Single by Wings
- A-side: "Girls' School" (double A-side)
- Released: 11 November 1977
- Recorded: 9 August 1977
- Studio: Spirit of Ranachan, Campbeltown
- Genre: Scottish folk;
- Length: 4:45
- Label: Capitol
- Songwriters: Paul McCartney; Denny Laine;
- Producer: Paul McCartney

Wings singles chronology
| "Seaside Woman" (1977) | "Mull of Kintyre" / "Girls' School" (1977) | "With a Little Luck" (1978) |

Music video
- "Mull of Kintyre" on YouTube

= Mull of Kintyre (song) =

"Mull of Kintyre" is a song by the British rock band Wings. It was written by Paul McCartney and Denny Laine in tribute to the Kintyre peninsula in Argyll and Bute in the south-west of Scotland and its headland, the Mull of Kintyre, where McCartney has owned High Park Farm since 1966.

The single was Wings' biggest hit in Britain and is one of the best-selling singles of all time in the United Kingdom, where it became the 1977 Christmas number one and was the first single to sell over two million copies nationwide.

==History==
The song dates as far back as at least 1974, appearing on the extended home demo recording known amongst bootleggers as "The Piano Tape". Written on piano originally, at that early stage the lyric only had the completed chorus and a few bits of the lyrics that eventually made the finished version.

The lyrics of the first verse, also used as the repeating chorus, are an ode to the area's natural beauty and sense of home:

Mull of Kintyre
Oh mist rolling in from the sea,
My desire
Is always to be here
Oh Mull of Kintyre

McCartney explained how the song came into being:
I certainly loved Scotland enough, so I came up with a song about where we were living: an area called Mull of Kintyre. It was a love song really, about how I enjoyed being there and imagining I was travelling away and wanting to get back there.

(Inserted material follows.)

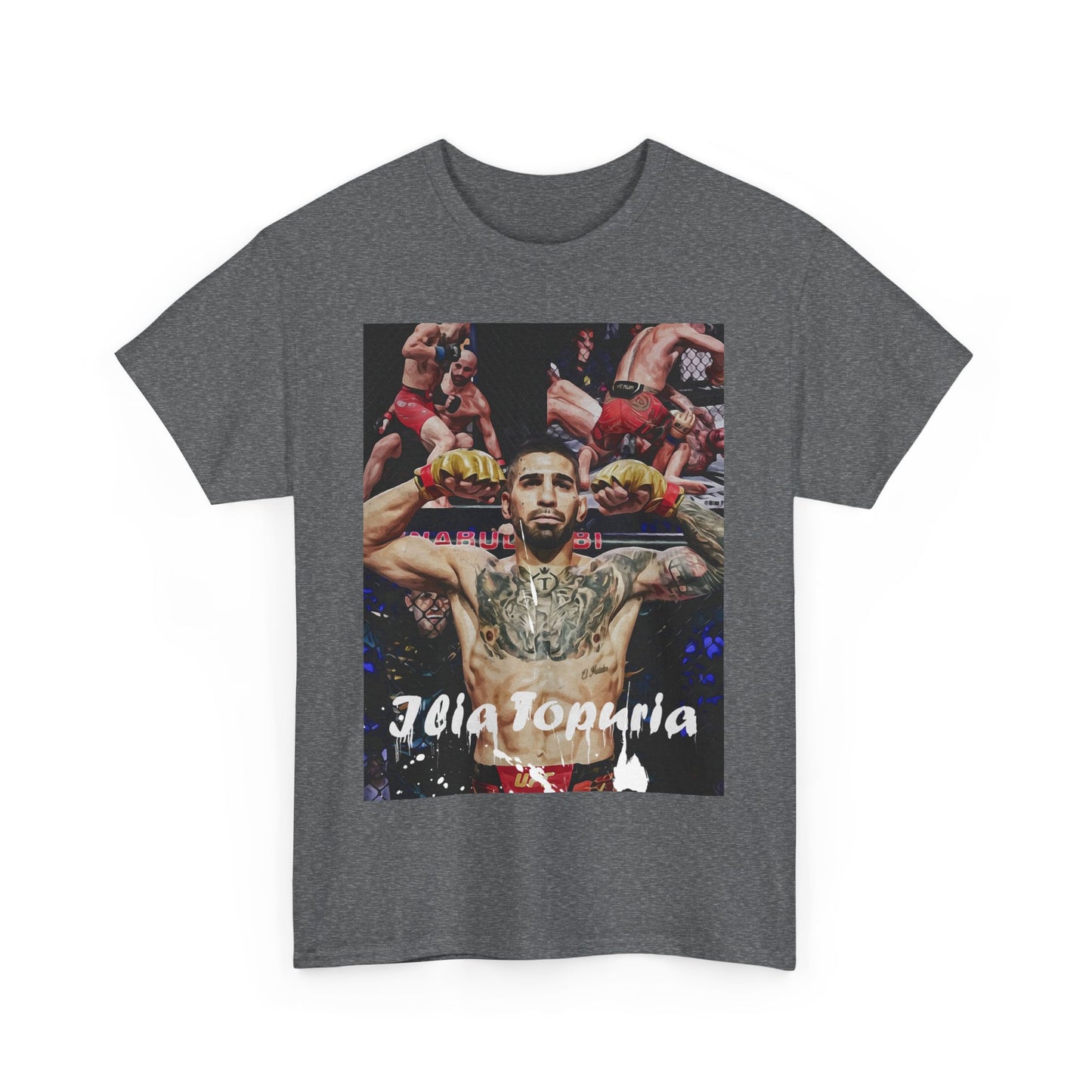 Ilia Topuria Tee - for Combat Sports Enthusiasts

Co-writer Laine had a similar memory in 2018: "I went round to Paul’s one day and he had the chorus. That’s the song, I think. The chorus. We were inspired by Scotland, so I helped with the lyrics. The Campbeltown Pipe Band made it the song it is. Billy Connolly liked it, a nice endorsement, otherwise he would have slagged us off onstage. [Laughs] We would never have wanted a Scottish song that they didn’t like. And a lot of that is from the pipe band [which] transposed keys [and] added to the arrangement.."

"Mull of Kintyre" was recorded on 9 August 1977 at Spirit of Ranachan Studio at High Park Farm in Scotland, during a break in recording the London Town album caused by Linda McCartney's advanced pregnancy. The song featured Great Highland bagpipes played by the Campbeltown Pipe Band from nearby Campbeltown. Paul's vocals and acoustic guitar were recorded outdoors. Insects could have ruined the tapes, but they eventually managed to clean them and save the recording, as told in detail by author Luca Perasi.

"Mull of Kintyre" and "Girls' School" (which had been previously recorded for London Town) were released as a double A-sided single on 11 November 1977, independently of the album.

===Other releases===
"Mull of Kintyre" has been included on the compilation albums Wings Greatest (1978), All the Best! – UK version (1987), Wingspan: Hits and History (2001), Pure McCartney (2016) and Wings (2025). It was also featured on The 7" Singles Box in 2022.

==Music video==

The official music video was directed by Michael Lindsay-Hogg and filmed at Saddell Bay on the eastern side of the Kintyre peninsula about 7 mi from High Park Farm and two months after recording the song. Paul, Linda and Denny perform the song as they overlook the bay and walk down to the beach where the Campbeltown Pipe Band are marching and playing. It culminates in a bonfire singalong with extras from Campbeltown.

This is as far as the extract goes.